- _Task statement_
Within the listing below, how many lines contain the word "Outdoor"? Answer with the number only.

- _Provided entries_

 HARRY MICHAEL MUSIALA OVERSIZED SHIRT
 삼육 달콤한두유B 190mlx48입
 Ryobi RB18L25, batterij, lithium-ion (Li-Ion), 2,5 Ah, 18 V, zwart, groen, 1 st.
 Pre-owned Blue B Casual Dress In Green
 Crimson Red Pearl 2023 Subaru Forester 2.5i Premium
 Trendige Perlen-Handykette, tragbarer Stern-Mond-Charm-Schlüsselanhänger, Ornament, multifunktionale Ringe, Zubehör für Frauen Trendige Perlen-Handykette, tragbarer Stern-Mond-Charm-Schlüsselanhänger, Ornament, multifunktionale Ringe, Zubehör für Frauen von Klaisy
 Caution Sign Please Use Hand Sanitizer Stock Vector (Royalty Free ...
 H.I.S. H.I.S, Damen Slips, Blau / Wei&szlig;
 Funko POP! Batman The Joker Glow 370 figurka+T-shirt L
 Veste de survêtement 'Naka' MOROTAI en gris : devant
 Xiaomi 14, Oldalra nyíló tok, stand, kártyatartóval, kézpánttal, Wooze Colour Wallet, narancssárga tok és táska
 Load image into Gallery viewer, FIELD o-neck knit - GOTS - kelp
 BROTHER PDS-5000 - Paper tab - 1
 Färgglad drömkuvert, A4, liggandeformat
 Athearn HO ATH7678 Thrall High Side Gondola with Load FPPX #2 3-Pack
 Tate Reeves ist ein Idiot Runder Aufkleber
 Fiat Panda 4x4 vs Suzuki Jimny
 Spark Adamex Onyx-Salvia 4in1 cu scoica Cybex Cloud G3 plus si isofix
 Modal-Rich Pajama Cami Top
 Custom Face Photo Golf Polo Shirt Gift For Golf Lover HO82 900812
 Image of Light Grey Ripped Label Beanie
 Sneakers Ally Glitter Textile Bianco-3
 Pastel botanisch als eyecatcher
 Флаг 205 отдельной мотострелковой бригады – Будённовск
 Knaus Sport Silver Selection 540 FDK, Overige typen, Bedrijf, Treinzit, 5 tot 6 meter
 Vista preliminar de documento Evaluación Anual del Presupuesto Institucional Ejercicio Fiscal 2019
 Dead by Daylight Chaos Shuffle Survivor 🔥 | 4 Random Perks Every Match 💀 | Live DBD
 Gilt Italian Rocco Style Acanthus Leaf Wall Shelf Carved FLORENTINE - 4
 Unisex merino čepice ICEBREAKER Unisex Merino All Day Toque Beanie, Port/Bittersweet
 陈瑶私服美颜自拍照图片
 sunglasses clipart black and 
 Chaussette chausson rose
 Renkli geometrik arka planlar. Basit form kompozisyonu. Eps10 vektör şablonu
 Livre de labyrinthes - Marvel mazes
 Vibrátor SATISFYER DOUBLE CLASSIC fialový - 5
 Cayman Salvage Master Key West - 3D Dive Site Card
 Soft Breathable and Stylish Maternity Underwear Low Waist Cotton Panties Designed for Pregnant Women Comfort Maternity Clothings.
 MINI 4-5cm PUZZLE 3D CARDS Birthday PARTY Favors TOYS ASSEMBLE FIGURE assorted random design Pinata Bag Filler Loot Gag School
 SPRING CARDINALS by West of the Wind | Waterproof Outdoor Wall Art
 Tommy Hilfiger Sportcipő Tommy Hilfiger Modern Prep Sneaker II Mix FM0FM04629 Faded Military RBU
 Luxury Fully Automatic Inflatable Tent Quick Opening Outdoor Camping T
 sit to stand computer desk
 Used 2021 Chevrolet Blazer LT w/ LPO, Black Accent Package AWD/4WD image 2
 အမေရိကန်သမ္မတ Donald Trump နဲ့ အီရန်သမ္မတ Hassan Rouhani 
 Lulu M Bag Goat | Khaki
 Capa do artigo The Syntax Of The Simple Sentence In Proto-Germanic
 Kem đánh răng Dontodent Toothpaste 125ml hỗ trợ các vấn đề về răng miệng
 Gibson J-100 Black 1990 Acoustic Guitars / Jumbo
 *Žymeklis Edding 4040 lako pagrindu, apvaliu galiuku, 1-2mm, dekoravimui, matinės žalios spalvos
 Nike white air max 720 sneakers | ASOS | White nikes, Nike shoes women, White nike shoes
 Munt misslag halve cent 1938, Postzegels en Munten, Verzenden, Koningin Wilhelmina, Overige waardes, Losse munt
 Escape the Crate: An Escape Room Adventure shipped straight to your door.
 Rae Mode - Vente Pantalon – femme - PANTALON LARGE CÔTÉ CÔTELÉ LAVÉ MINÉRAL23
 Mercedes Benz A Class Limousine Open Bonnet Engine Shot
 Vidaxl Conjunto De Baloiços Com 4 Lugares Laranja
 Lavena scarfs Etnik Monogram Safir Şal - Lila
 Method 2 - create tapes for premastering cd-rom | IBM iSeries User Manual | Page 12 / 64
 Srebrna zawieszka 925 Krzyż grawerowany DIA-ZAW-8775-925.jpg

- _Exercise result_
2